Oggi i leader si bruciano in fretta, in pochi anni, anzi in pochi mesi, sentiamo dire da tutte le parti. Gillian Tett sul Financial times del 15 maggio, in un pezzo intitolato “The rise of pick’n’ mix politics”, cerca di darsi una spiegazione. E paragona la crescita impetuosa e l’altrettanto impetuosa uscita di scena di figure e di movimenti, con la nostra tendenza di tardo moderni o post moderni, al consumo individualizzato, quella che chiama la Generation Customisation, abituata a comporre le play list di Nexflix o di Spotify.

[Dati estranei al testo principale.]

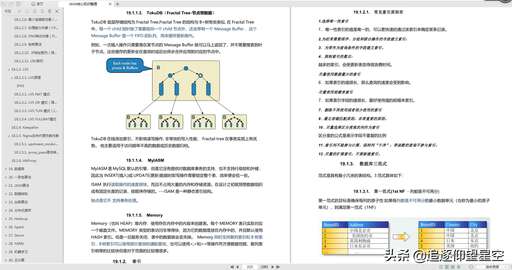 java緩存清理,localcache是什么文件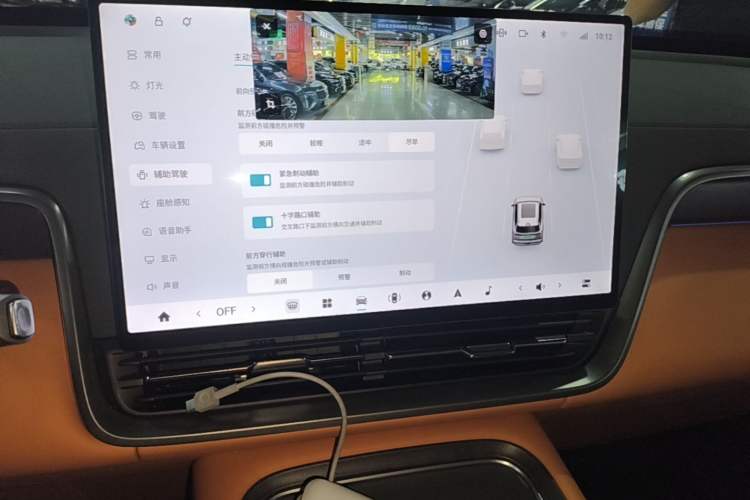 Used Dongfeng eπ eπ008 2025 210Max Rui Edition 6-Seater Audio And AC Panel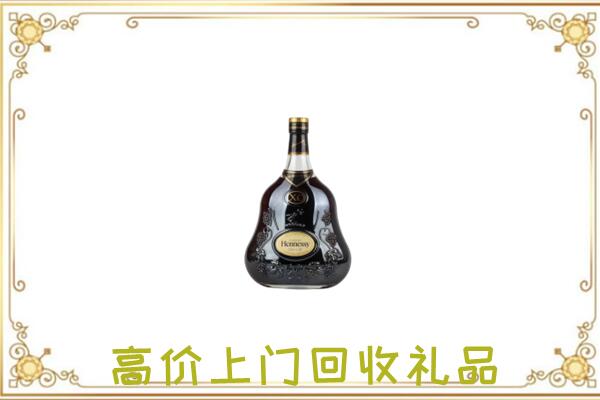烈山附近回收轩尼诗
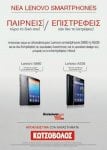 lenovo smartphones kotsovolos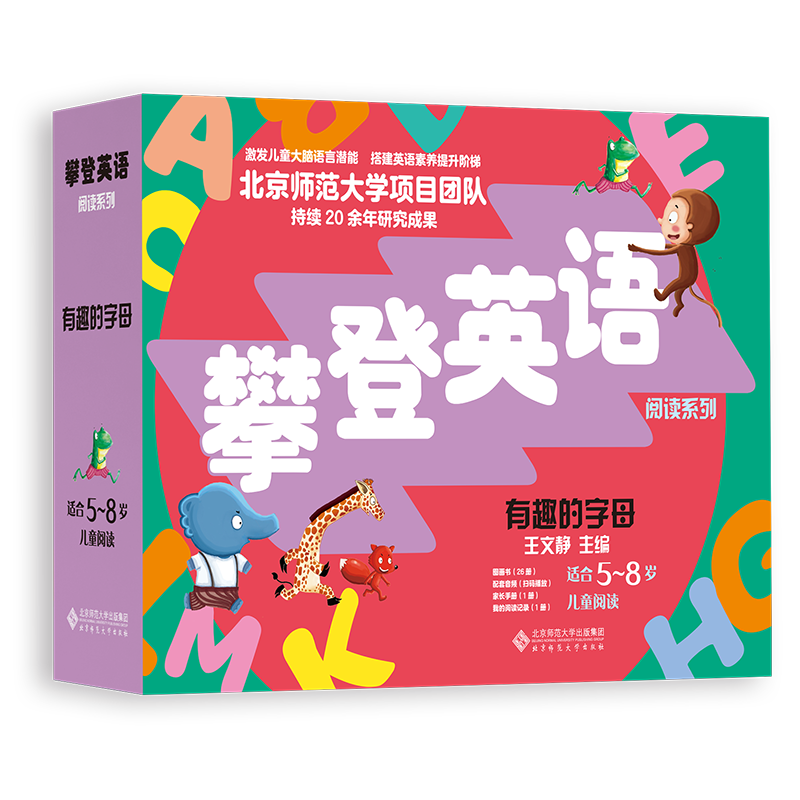 有趣的字母(全28册) 王文静 编 幼儿早教/少儿英语/数学少儿 新华书店正版图书籍 北京师范大学出版社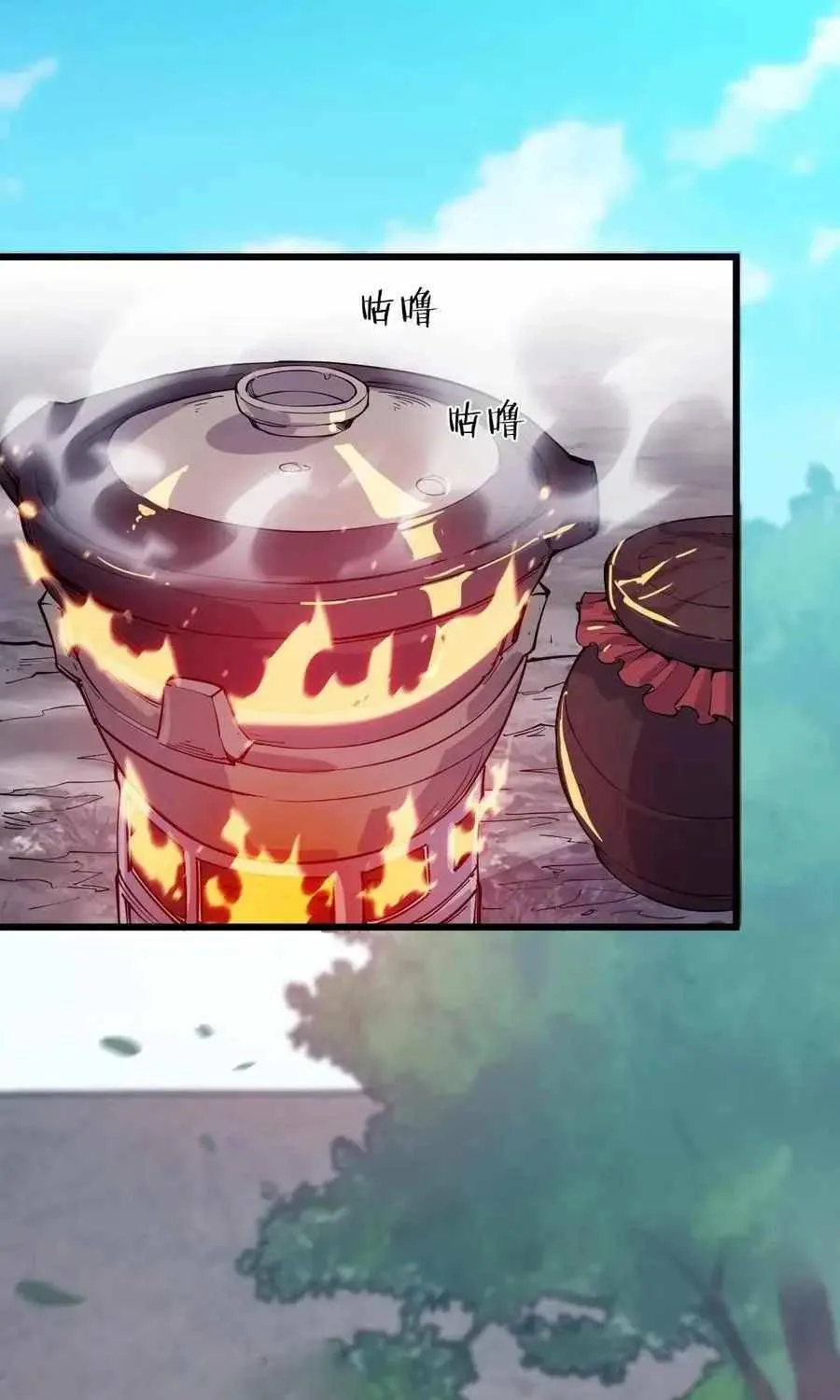 Read Start A Mountain chapter 54 image 2 on Lezhin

La Gen C avrebbe trasferito in politica lo stesso atteggiamento: non ama più i prepackaged politics parties ma cerca “marchi e idee” adatti ad ogni individuo “al di là delle tradizionali linee partitiche”. E si stanca presto, per passare quindi a un nuovo “prodotto”. L’intervento è stimolante e merita riflessione, che però alla fine ci spinge a mettere molta acqua nel vino di quella tesi.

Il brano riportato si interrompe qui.